#### Requirement
In the entries below, every line with the string "image" is to be reported.

#### Data for this exercise

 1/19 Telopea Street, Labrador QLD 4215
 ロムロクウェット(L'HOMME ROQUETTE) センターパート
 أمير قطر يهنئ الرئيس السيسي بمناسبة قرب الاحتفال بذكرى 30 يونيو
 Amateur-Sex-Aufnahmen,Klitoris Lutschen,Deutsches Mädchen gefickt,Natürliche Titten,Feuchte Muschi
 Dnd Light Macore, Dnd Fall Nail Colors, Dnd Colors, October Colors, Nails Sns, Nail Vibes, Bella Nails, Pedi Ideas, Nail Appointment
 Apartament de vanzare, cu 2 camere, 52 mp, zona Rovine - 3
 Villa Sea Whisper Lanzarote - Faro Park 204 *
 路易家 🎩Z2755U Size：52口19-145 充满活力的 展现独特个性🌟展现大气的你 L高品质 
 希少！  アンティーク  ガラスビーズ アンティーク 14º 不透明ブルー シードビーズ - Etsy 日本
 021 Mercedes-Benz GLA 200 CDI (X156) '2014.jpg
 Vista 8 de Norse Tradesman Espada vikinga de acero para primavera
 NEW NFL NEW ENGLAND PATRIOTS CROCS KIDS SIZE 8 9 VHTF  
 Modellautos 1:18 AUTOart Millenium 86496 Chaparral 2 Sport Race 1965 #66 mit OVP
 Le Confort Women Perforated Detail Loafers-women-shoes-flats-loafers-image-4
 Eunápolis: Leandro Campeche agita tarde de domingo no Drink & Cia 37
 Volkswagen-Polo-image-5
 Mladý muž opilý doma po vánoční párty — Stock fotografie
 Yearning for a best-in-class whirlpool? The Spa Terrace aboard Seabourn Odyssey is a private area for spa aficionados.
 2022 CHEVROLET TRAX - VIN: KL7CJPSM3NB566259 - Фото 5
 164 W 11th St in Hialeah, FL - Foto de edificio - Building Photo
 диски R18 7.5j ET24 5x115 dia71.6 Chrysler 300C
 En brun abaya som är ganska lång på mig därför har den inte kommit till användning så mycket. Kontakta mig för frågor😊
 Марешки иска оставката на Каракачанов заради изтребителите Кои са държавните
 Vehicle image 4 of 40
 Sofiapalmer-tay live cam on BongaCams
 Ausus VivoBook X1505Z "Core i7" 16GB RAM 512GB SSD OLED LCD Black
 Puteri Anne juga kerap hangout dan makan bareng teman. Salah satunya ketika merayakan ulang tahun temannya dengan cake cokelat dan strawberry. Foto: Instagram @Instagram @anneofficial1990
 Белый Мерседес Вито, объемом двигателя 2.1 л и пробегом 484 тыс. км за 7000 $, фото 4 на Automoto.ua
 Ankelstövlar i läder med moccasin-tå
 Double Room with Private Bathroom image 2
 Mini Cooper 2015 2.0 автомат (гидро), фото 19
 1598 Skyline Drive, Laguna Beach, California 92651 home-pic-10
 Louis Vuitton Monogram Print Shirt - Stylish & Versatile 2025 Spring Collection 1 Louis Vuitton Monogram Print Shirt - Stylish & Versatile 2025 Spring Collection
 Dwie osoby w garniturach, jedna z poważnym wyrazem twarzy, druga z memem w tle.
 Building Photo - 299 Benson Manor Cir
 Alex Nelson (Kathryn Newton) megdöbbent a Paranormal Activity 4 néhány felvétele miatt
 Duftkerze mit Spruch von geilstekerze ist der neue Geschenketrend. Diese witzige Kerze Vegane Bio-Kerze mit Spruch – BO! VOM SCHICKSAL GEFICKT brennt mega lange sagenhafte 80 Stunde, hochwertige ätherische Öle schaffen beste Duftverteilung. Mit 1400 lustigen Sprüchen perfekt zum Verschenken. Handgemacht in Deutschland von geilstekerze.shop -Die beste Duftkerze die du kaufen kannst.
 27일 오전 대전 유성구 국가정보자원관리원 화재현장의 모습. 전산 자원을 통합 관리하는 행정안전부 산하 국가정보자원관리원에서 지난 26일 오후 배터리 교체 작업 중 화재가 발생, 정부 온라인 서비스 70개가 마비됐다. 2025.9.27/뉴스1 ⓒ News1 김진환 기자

#### Exercise answer
 Le Confort Women Perforated Detail Loafers-women-shoes-flats-loafers-image-4
 Volkswagen-Polo-image-5
 Vehicle image 4 of 40
 Double Room with Private Bathroom image 2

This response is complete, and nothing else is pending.